■ AVAILABLE RECORDS

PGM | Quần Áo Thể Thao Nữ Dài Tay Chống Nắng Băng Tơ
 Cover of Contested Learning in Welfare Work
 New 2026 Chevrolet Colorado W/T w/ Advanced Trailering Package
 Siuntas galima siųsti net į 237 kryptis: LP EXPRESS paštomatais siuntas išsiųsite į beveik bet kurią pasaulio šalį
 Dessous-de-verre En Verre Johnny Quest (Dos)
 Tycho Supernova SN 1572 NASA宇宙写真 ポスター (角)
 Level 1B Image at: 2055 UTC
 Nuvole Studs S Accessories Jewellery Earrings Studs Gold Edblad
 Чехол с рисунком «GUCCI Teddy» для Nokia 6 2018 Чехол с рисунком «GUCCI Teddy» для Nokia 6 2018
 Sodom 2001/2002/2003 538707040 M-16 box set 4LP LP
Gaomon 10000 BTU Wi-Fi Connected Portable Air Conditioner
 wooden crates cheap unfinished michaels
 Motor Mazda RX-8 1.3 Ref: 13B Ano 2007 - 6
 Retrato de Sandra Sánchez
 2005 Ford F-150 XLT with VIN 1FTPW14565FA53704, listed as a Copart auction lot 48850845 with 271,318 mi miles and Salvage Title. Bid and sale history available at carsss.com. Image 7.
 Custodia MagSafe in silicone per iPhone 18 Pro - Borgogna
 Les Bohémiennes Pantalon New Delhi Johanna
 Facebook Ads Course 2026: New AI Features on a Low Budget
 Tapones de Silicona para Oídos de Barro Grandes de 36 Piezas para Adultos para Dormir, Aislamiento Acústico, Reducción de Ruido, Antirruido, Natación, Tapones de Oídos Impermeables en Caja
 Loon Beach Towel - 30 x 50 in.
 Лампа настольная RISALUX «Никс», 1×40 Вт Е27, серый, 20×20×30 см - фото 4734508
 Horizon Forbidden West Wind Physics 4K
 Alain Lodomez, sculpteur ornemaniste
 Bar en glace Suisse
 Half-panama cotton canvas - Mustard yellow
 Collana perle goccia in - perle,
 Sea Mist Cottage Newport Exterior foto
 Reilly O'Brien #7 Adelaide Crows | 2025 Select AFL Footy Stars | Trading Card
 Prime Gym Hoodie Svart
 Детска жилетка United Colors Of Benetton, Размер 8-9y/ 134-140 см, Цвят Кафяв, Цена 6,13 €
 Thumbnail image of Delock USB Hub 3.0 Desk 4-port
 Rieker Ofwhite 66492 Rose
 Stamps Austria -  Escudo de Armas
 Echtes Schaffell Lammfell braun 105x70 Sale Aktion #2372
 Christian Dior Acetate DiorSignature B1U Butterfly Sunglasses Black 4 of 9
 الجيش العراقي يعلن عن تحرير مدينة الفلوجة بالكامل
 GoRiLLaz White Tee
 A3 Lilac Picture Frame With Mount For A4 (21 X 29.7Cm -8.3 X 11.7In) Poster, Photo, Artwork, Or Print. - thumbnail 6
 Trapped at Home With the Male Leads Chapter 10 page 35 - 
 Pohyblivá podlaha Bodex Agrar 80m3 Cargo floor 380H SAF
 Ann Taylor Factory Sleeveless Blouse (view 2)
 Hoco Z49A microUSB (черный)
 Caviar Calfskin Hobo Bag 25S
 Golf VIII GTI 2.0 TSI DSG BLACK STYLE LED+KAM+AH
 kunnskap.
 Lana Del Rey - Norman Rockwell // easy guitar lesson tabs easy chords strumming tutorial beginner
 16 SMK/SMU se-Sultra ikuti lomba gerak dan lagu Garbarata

■ TASK DIRECTIONS
Set down exactly the line with "Lana Del Rey" and each line after it up to the end of the records, adding nothing.

■ WRITTEN SOLUTION
 Lana Del Rey - Norman Rockwell // easy guitar lesson tabs easy chords strumming tutorial beginner
 16 SMK/SMU se-Sultra ikuti lomba gerak dan lagu Garbarata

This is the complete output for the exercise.